Militari del Comando Provinciale di Vibo Valentia, su delega della locale Procura della Repubblica, hanno eseguito, nella mattinata odierna, il sequestro preventivo di numerose unità immobiliari nel capoluogo di provincia. Il sequestro è stato disposto dal GIP del Tribunale, Dott. Lucia Monaco, su richiesta del Sost.Proc. Dott.
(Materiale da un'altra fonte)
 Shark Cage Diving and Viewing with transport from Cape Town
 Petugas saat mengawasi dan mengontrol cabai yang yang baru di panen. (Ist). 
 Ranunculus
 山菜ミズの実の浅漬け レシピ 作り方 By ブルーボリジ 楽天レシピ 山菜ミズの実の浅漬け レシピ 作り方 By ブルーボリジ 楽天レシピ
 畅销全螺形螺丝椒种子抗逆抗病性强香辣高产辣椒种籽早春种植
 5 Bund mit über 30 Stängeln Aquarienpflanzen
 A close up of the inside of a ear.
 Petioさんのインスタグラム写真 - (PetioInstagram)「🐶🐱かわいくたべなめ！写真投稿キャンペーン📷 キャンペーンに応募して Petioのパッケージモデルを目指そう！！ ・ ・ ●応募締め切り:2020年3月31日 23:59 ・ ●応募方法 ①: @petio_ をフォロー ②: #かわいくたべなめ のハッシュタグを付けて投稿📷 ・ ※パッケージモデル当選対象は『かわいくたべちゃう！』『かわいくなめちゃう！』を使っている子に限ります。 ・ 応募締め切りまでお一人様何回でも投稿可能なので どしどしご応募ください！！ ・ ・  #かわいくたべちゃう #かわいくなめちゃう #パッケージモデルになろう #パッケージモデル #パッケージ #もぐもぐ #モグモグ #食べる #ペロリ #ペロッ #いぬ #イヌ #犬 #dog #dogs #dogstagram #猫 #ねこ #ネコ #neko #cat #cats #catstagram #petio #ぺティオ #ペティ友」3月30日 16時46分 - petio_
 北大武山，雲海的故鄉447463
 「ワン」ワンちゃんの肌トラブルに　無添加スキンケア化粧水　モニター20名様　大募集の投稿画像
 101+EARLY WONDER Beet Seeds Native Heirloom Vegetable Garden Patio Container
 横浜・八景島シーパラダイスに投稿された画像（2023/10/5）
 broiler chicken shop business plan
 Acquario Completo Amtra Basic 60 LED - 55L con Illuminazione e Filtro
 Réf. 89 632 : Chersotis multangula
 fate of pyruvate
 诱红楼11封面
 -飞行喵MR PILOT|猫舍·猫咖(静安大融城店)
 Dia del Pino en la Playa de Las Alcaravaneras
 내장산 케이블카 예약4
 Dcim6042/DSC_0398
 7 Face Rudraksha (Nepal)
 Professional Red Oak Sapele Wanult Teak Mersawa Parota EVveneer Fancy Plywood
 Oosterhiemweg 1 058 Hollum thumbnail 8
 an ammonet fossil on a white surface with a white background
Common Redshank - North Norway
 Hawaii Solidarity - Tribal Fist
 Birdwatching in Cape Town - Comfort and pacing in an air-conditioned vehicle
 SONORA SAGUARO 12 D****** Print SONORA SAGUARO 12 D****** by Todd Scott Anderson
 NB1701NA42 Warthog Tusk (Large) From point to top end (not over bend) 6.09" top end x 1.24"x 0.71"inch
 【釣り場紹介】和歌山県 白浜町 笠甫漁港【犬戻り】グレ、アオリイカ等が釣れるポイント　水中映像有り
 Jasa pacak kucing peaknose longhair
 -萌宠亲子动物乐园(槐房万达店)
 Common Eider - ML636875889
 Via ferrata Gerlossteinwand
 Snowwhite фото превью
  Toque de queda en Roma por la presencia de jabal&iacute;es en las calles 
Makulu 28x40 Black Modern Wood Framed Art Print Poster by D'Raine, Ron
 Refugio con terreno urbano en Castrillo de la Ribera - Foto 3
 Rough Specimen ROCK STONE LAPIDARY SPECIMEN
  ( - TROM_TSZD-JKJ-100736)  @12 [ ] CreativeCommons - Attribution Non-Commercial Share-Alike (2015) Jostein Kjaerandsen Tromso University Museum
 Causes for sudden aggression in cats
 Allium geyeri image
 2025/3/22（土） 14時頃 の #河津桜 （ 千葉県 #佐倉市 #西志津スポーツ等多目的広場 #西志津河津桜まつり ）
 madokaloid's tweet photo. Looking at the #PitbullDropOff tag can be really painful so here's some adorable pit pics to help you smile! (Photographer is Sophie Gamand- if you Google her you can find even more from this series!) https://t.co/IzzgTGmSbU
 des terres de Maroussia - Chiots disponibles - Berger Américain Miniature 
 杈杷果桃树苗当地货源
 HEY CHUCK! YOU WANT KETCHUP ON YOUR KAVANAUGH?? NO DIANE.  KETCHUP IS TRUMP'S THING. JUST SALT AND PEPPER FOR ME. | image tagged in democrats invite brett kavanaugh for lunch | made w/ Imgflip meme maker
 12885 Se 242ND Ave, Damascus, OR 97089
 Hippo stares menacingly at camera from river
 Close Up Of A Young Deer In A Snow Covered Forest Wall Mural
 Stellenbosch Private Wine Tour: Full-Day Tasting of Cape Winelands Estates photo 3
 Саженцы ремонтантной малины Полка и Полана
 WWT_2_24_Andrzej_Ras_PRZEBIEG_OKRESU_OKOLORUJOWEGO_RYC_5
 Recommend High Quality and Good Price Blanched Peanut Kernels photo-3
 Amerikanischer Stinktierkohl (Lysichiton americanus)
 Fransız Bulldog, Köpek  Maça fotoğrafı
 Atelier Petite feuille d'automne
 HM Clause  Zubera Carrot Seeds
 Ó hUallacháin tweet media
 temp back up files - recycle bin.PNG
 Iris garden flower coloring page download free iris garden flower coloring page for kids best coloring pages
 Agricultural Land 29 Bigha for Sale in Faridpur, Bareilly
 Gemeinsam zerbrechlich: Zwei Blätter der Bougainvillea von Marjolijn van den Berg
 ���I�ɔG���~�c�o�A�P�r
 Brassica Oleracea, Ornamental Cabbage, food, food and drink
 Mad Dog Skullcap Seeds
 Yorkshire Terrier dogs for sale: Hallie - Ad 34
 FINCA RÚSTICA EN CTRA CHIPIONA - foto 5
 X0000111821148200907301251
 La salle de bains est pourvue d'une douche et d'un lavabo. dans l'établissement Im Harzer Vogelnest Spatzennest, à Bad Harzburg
Filomena Aliberti, all’esito di indagini condotte dal Nucleo di Polizia Tributaria della Guardia di Finanza, che hanno evidenziato la realizzazione, in località “Buffetta”, di diverse costruzioni in violazione della vigente normativa urbanistica. Le ipotesi di reato contestate, a vario titolo, nei confronti dei tredici indagati nella vicenda, vanno dalla lottizzazione abusiva a scopo edificatorio, alla realizzazione di costruzioni in totale
assenza e/o in difformità dalla concessione edilizia ed all’omessa denuncia di lavori. L’area ove sono state realizzate le costruzioni sequestrate è da considerarsi, peraltro, a rischio idrogeologico in quanto la stessa insiste su una zona che, secondo una perizia tecnica commissionata dalla Procura della Repubblica, è interessata da un movimento franoso in atto. Rischio che non può non ritenersi ulteriormente sollecitato dagli interventi edilizi abusivi oggetto di sequestro.
Oltre alle costruzioni oggetto di sequestro in base al citato provvedimento del Gip, nel corso delle operazioni esecutive sono state altresì individuate altre 7 unità immobiliari abusive (di cui una adibita ad abitazione) che sono state sequestrate d’iniziativa per violazioni urbanistiche contemplate dal DPR 380/2001. Complessivamente sono state sottoposte a sequestro 31 unità abitative (tra appartamenti e relative pertinenze), 10 garage e 6 manufatti di altra tipologia. Tra le unità abitative vi sono anche 4 ville di pregevole fattura. La zona è stata già interessata dal sequestro di immobili ed è oggetto di costante attenzione
al fine di definire una completa mappatura degli abusi edilizi ivi realizzati. Poiché dai primi accertamenti sarebbe risultato che i proprietari delle costruzioni abusive, non risultando le stesse censite al Catasto Fabbricati, potrebbero sottrarsi agli obblighi di
pagamento dei tributi locali (IMU, TARSU, etc.) le Fiamme Gialle hanno avviato anche accertamenti finalizzati a verificare eventuali evasioni di imposta.